The fast transformation of a mostly agricultural Greece into a service society after the Second World War expresses the uneven dynamics of capitalist processes that are part of an international division of labor. It is also an outcome of political struggles, class alignments and conflicts over the aims of economic policy, and over market regulation and state intervention. When using this analytical framework three historical periods stand out.
The first can be defined as a Greek version of the “economic miracle” spanning from the 1950s until the early 1970s, based on a gradual loosening up of protectionism, currency devaluation, massive internal and external migration, vast investment in infrastructure, weak taxation for business profits, low labor unrest, and a centrally regulated financial system. At the same time, the state offered incentives and protection to the incoming foreign capital, particularly during the dictatorship of the colonels.
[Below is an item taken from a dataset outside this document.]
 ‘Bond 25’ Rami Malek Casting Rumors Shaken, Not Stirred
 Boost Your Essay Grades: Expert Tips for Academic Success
This was followed by a shift to greater wealth distribution through Keynesian policies following the demands of Greek society after the fall of dictatorship and the global crisis of the 1970s. The timing of this strengthening of a welfare state was out of phase with the start of neo-liberal policies in other western countries. The Socialist party’s policies between 1981 and 1985 included welfare expansion, nationalization of large firms, debt restructuring and relief for bankrupt enterprises and farmers, and general income increases tied to the objective of convergence linked to the entry into the European Economic Community. This came together with rising external debt, fiscal deficit and global overcapacity setting off deindustrialization processes.Finally, a turn to neoliberal restructuring since 1990, was expressed through restrictive macroeconomic policy, extensive privatization, deregulation of the job market (flexibilization), and financialization of the economy (stock exchange boom, increase of private credit). At the same time, an increasing delocalization of production (to the “Balkan Eldorado”) and a massive influx of economic migrants further stressed labor relations. The Maastricht treaty setting a ceiling to public deficit (de facto curtailing fiscal sovereignty) and the introduction of Euro completed the European market integration, disempowered Greek productive capital, and paved the way to the systemic crisis.